Digital Health’s Great(er) Responsibility: Failing Without Failing Patients
When Healthcare Innovation Fails, Patients Shouldn’t Pay the Price
TL;DR: When digital health companies shut down, they must prioritize patients' clinical care and data security. The recent closure of Forward Health underscores the need for better protocols, shared responsibility among stakeholders, and adherence to healthcare’s ethical standards. Anything less than this is malpractice in the name of innovation.
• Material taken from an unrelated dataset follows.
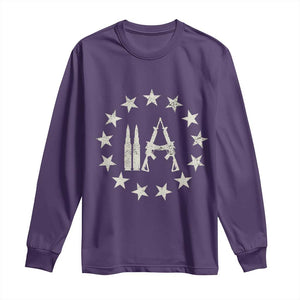 2nd Amendment AR15 Bullet Stars Patriotic Gun Rights Long Sleeve Shirt TS11 Purple Print Your Wear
The Rise and Fall of Digital Health Giants 🚀 ⏬
Over the past decade, digital health has been the darling of Silicon Valley, with investors throwing billions at startups promising to “disrupt” healthcare. Bold mission statements, flashy ads, and sleek user interfaces painted a picture of a healthcare utopia—better access, lower costs, improved outcomes, happier patients. But as the dust settles, it’s becoming clear that healthcare doesn’t follow tech’s usual rules. Turns out you can’t just A/B test your way out of a malpractice lawsuit. This isn’t e-commerce or social media; lives—not clicks—are on the line.
Forward Health, a high-profile company that sought to replace traditional primary care with a slick, tech-first model, recently shuttered its doors, leaving patients and providers in the lurch. While failure is often celebrated as a badge of honor in the startup world, there’s no “fail fast, fail often” in healthcare. Patients can’t pivot to another app overnight when the one they depend on for medication management or mental health support suddenly vanishes. Forward’s closure highlights a harsh truth: healthcare’s high ethical stakes make the sector uniquely unforgiving to sloppy closures.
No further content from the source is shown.